OS32B-06:
Common Era Sea-Level Change
Abstract:
The Atlantic coast of North America provides a sedimentary record of Common Era sea levels with the resolution to identify the mechanisms that cause spatial variability in sea-level rise. This coast has a small tidal range, improving the precision of sea-level reconstructions. Coastal subsidence (from glacial isostatic adjustment, GIA) creates accommodation space that is filled by salt-marsh peat and preserves accurate and precise sea-level indicators and abundant material for radiocarbon dating. In addition, the western North Atlantic Ocean is sensitive to spatial variability in sea-level change, because of static equilibrium effects from melting of the Greenland Ice Sheet, ocean circulation and wind-driven variability in the Gulf Stream and GIA induced land-level change from ongoing collapse of Laurentide forbuldge.We reveal three distinct patters in sea-level during the Common Era along the North American Atlantic coast, likely linked to wind-driven changes in the Gulf Stream: (1) Florida, sea level is essentially flat, with the record dominated by long-term geological processes; (2) North Carolina, sea level falls to a minimum near the beginning of the second millennium, climbing to an early Little Ice Age maximum in the fifteenth century, and then declining through most of the nineteenth century; and (3) New Jersey, a sea-level maximum around 900 CE, a sea-level minimum around 1500 CE, and a long-term sea-level rise through the second half of the second millennium.

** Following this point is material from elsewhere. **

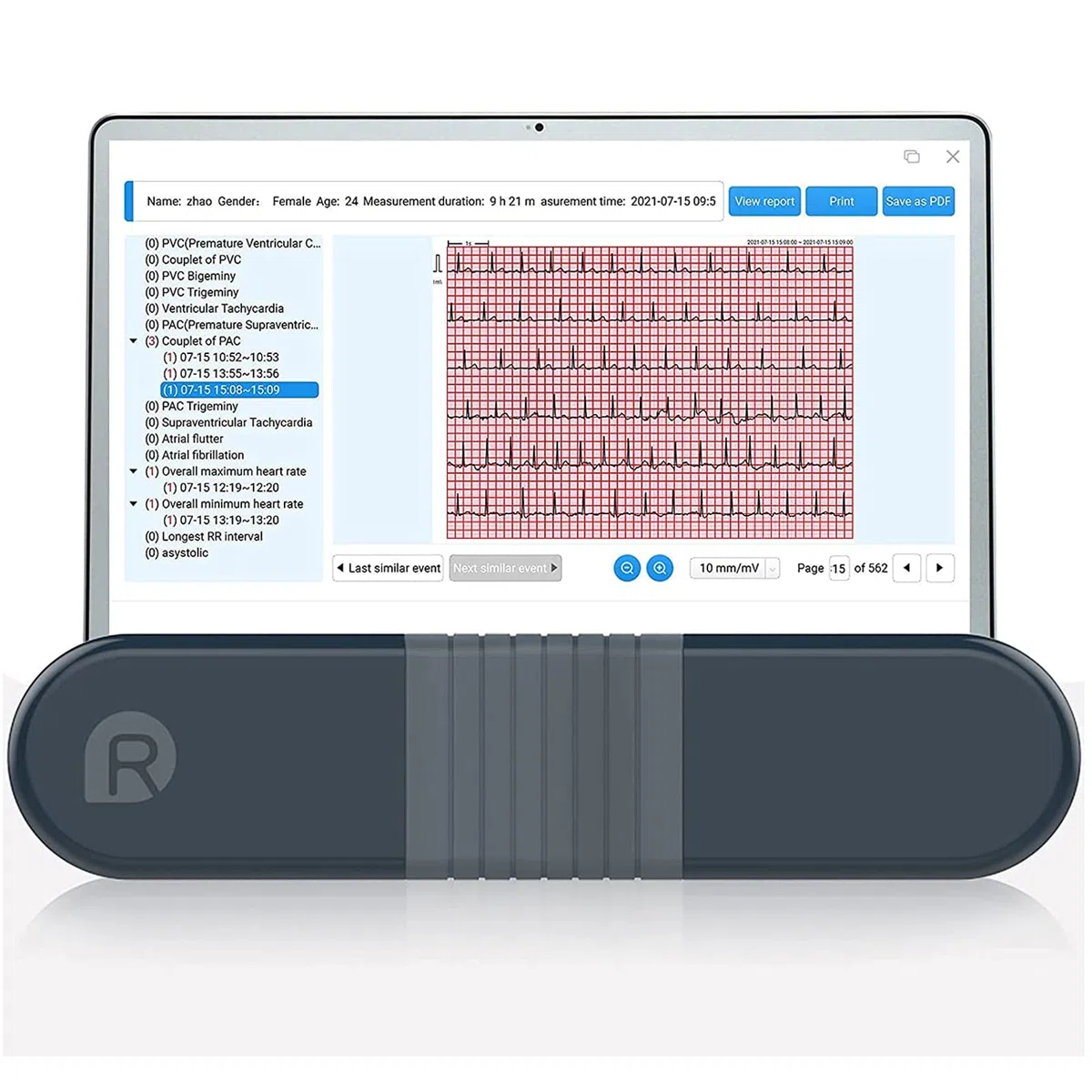 Wellue Monitor ECG, registratore Holter professionale con report di analisi AI-ECG, registrazione ECG 24 ore su 24, software di supporto per PC, stampa ECG PDF, cardiofrequenzimetro per uso domestico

We combine the salt-marsh data from North American Atlantic coast with tide-gauge records and lower resolution proxies from the northern and southern hemispheres. We apply a noisy-input Gaussian process spatio-temporal modeling framework, which identifies a long-term falling global mean sea-level (GMSL), interrupted in the middle of the 19th century by an acceleration yielding a 20th century rate of rise extremely likely (probability P = 0:95) faster than any previous century in the Common Era.